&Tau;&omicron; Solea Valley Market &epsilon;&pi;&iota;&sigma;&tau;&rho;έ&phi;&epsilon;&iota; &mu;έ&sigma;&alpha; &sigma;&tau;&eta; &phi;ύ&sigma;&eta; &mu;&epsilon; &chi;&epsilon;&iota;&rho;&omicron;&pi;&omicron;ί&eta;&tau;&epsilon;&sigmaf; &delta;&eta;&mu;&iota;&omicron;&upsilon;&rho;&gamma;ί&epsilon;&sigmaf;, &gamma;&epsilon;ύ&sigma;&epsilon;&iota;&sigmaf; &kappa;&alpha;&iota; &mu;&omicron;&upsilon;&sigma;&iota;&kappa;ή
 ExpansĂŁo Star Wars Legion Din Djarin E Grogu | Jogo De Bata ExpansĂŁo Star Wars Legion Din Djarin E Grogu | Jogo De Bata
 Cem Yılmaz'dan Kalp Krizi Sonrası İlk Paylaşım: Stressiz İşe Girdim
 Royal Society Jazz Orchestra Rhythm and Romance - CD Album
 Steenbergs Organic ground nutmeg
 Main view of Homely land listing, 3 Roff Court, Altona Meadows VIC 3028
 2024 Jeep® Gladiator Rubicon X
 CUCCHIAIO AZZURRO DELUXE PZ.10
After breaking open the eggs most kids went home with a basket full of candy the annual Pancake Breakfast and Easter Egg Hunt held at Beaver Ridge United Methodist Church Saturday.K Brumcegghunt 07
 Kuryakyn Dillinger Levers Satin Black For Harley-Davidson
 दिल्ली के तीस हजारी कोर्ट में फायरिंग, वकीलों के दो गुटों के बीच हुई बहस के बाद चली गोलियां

#### [Aim of the exercise]
Give back exactly the lines above starting at the line where "Cem Yılmaz'dan Kalp" appears and ending at the line where "After breaking open" appears, both included, with no other lines.

#### [Exercise solution]
 Cem Yılmaz'dan Kalp Krizi Sonrası İlk Paylaşım: Stressiz İşe Girdim
 Royal Society Jazz Orchestra Rhythm and Romance - CD Album
 Steenbergs Organic ground nutmeg
 Main view of Homely land listing, 3 Roff Court, Altona Meadows VIC 3028
 2024 Jeep® Gladiator Rubicon X
 CUCCHIAIO AZZURRO DELUXE PZ.10
After breaking open the eggs most kids went home with a basket full of candy the annual Pancake Breakfast and Easter Egg Hunt held at Beaver Ridge United Methodist Church Saturday.K Brumcegghunt 07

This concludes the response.